Your Photos and Why You Should Give a Crop
Smartphone photo-editing apps have made it easy for anyone to take a photo and then manipulate it until they achieve the look they are after. Filters, frames, lighting, and color adjustments are possible with just a few swipes and clicks and can produce dramatic results. But an often overlooked yet powerful editing option is the crop tool. “Okay kids, smile!” The photo is snapped. Everyone’s heads and feet are in the frame, and we can all tell it’s little Lucy and Meg — but that’s just the beginning. Use the crop tool to get creative.
Everyone has cropped out the photo-bomber making their move to get into the picture, or that guy yawning in the background, or the edge of the parking lot that spoiled the otherwise remote feel to the location shot. But cropping goes beyond eliminating unwanted areas and can actually be used to compose the picture after the fact. Creative cropping can create intimacy or mystery or change the entire message conveyed by changing what the focus is.
When we look at the world with our eyes, we key in on what interests us the most and put it at the center of our field of vision. In photography centering the subject seems natural. However when you take into consideration “The Rule of Thirds,” you can create a stronger more interesting image. Simply divide the view field in thirds both vertically and horizontally and put the subject or a main area of interest, on one of the dividing lines, or where the lines cross. For a portrait shot this could mean cropping the image so that the subjects eyes are centered in the cross-section of the dividing lines. For a landscape this could mean the horizon line.

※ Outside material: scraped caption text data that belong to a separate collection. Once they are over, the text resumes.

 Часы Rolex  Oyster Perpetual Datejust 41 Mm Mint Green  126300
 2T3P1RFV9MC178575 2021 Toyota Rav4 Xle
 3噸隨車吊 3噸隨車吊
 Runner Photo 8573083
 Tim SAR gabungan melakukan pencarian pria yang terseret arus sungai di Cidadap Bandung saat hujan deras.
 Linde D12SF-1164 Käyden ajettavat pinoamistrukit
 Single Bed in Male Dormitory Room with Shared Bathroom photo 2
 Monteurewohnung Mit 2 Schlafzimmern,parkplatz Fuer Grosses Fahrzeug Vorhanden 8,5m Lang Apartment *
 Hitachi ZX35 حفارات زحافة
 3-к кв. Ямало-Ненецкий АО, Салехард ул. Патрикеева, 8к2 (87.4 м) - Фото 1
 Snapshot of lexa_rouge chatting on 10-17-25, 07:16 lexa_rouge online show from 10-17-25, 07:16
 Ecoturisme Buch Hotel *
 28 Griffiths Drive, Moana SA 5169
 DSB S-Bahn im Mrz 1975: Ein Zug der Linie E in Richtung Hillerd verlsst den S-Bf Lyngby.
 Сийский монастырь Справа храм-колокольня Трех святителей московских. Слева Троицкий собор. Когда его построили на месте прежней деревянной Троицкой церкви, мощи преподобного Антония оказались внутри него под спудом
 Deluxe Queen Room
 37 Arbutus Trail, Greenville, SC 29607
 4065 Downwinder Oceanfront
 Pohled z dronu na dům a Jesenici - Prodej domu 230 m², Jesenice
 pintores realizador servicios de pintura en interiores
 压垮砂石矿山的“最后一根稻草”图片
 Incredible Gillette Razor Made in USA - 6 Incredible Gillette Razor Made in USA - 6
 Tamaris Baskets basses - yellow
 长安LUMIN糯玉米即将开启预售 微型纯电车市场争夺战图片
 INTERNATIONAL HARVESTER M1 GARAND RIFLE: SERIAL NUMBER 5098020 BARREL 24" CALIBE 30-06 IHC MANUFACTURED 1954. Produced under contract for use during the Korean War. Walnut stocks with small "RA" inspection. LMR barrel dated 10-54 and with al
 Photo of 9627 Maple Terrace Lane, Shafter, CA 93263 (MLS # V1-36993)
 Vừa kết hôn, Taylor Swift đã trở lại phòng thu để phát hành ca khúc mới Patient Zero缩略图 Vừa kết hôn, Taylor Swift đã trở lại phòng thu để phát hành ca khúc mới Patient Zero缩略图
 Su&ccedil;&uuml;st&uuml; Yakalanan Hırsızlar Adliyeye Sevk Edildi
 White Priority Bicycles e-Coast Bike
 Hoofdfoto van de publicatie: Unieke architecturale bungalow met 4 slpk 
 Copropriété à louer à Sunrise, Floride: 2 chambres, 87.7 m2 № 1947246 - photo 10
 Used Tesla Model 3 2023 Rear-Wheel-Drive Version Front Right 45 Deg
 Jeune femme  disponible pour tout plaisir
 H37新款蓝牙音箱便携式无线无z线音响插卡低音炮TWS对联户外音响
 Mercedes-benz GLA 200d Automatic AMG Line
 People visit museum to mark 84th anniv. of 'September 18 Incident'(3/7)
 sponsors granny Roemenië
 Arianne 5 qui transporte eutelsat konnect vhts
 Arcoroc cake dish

Much of the world reads from left to right. Placing the subject on the right can provide a pleasing little subconscious reward as the viewer moves their gaze over the photo and finally comes to rest on the familiar right side. In the example of the flying birds, leaving the left side open, visually gives the birds someplace to fly.
Creative cropping can help rid your image of unsightly background components. It can put more emphasis on the main subject by having them take up a proportionately larger amount of the space. Cropping can simplify the scene by zooming in and cutting out confusion, or it can be used to create a composition after the fact. Although cropping is common and easy to do, it remains an under-utilized yet powerful editing technique.